What you need to do - Using the data that follows, return exactly the lines from the one that contains "office with dark" through the one that contains "Zonne-lantaarn met gravure", ends included.

Data in this exercise -
====

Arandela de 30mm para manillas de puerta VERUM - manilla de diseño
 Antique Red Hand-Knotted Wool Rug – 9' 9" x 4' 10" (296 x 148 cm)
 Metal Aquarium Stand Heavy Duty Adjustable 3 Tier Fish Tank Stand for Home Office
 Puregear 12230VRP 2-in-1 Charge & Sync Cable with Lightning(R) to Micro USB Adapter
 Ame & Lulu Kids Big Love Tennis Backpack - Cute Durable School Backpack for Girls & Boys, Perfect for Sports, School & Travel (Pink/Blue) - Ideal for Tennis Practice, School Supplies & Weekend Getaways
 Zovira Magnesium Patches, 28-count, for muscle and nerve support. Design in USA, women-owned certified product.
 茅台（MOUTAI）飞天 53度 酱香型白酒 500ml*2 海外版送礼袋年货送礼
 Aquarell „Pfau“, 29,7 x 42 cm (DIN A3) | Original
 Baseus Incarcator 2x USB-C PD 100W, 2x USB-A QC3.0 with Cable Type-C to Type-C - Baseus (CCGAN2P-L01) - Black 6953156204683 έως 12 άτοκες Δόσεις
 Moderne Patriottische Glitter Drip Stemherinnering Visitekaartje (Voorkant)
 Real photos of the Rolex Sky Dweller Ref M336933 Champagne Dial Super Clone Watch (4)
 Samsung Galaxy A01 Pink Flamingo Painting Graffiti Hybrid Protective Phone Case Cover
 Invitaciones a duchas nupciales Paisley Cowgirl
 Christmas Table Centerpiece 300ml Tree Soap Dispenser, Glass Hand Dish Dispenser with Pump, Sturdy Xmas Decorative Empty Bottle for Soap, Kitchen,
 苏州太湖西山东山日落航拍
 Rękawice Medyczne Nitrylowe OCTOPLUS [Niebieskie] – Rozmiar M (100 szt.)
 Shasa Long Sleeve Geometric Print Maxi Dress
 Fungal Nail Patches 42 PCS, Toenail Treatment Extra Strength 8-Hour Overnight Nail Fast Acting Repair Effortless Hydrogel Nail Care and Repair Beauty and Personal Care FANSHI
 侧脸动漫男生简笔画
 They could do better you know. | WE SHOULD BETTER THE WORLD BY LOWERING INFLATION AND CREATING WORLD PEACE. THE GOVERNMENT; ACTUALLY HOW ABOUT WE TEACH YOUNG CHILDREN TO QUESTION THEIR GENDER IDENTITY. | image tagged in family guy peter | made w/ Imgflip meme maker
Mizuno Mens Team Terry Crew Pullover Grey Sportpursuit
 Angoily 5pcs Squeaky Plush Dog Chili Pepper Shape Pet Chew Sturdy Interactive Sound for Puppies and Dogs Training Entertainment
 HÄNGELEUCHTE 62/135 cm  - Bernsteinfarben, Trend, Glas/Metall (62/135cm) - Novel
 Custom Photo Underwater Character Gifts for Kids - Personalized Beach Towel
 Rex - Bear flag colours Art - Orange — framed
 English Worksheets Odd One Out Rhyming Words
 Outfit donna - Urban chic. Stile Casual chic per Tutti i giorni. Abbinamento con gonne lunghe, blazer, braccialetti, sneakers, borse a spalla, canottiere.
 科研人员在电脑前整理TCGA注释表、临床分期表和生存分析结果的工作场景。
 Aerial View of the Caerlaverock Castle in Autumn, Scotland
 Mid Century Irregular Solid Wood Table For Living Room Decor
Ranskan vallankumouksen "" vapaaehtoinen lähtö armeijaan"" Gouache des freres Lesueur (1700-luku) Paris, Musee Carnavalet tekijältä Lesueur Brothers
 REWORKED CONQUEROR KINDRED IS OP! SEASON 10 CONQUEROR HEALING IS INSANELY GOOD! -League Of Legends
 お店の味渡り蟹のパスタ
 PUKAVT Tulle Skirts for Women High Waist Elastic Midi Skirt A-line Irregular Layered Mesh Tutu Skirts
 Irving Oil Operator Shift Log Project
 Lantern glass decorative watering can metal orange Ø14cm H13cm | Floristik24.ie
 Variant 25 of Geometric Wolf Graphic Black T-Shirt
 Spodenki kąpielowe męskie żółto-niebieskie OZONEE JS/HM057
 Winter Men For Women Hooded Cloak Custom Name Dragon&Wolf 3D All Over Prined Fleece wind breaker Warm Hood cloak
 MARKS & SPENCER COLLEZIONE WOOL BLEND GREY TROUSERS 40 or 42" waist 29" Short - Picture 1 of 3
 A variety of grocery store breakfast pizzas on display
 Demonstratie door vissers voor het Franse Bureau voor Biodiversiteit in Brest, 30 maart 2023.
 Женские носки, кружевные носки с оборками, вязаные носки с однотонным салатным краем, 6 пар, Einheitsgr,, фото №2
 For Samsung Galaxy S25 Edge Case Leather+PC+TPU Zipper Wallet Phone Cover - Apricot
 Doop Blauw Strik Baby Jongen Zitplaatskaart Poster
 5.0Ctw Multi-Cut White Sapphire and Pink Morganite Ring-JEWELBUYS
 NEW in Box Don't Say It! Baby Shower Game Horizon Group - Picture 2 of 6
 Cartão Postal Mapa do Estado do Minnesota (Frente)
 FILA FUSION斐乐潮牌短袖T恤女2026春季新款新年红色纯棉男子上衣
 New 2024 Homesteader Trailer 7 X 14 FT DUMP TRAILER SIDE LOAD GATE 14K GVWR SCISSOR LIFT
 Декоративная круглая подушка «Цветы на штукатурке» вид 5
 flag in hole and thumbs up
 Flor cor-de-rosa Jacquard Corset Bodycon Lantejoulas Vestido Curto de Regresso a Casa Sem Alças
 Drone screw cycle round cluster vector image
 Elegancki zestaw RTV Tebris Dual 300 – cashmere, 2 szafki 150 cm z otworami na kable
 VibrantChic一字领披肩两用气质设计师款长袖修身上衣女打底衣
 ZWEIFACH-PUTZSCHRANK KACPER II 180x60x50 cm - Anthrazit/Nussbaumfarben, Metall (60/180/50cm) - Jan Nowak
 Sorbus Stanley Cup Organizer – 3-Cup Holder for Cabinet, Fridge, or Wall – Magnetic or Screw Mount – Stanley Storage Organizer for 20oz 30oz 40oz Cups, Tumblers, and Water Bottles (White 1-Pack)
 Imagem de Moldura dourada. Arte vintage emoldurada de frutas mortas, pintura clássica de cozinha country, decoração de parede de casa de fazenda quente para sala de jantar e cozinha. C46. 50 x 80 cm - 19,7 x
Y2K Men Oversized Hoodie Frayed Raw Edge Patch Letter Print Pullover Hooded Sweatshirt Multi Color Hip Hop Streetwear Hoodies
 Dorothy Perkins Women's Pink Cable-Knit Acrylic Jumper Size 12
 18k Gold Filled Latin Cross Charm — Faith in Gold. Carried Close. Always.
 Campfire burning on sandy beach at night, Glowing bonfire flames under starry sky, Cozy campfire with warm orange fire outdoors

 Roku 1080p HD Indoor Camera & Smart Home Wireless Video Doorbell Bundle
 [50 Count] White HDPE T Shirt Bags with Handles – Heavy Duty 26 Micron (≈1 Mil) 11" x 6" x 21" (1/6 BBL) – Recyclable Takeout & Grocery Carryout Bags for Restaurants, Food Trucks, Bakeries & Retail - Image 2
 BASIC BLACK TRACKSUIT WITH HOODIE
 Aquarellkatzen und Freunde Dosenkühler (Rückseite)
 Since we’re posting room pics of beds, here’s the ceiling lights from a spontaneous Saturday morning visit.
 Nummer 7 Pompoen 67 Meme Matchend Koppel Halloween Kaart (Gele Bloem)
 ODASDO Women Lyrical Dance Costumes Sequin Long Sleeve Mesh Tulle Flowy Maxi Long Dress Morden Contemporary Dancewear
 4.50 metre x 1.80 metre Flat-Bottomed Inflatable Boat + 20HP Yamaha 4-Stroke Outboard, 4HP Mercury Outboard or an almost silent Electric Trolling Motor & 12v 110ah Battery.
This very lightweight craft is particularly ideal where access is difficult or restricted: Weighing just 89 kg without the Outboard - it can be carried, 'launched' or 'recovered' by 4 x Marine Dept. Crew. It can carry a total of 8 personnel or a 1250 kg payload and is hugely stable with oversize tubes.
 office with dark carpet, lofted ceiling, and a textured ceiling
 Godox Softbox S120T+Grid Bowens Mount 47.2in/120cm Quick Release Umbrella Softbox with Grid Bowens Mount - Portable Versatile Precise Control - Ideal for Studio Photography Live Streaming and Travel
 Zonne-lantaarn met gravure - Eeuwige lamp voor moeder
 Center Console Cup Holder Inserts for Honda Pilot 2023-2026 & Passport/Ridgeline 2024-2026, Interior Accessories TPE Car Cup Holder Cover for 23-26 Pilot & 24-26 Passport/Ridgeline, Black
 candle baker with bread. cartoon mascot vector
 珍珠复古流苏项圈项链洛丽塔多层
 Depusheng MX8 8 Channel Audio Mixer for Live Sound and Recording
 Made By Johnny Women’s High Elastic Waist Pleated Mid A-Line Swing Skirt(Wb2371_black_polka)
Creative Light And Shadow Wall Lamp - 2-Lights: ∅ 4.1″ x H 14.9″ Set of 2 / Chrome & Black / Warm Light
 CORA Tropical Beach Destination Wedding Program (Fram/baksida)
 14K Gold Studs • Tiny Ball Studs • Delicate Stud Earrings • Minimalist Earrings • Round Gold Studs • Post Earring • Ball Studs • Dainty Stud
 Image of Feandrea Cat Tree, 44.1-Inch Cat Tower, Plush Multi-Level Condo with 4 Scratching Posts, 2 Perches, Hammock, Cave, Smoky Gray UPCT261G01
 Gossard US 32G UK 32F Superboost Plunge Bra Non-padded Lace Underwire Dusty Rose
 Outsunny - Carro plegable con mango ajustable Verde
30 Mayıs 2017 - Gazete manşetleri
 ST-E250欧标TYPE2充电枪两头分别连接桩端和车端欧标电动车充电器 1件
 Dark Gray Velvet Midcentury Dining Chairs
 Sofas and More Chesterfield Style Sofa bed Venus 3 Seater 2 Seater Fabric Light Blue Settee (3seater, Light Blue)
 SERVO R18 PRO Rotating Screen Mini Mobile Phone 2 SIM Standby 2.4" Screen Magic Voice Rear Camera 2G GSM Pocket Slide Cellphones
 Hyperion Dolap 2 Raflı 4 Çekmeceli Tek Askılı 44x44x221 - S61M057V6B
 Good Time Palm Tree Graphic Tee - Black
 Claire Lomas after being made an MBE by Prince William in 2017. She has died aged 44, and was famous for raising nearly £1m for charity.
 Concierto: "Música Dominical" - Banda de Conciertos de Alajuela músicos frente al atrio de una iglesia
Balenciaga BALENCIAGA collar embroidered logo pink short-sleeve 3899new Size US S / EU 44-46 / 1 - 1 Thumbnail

====

Your response -
 office with dark carpet, lofted ceiling, and a textured ceiling
 Godox Softbox S120T+Grid Bowens Mount 47.2in/120cm Quick Release Umbrella Softbox with Grid Bowens Mount - Portable Versatile Precise Control - Ideal for Studio Photography Live Streaming and Travel
 Zonne-lantaarn met gravure - Eeuwige lamp voor moeder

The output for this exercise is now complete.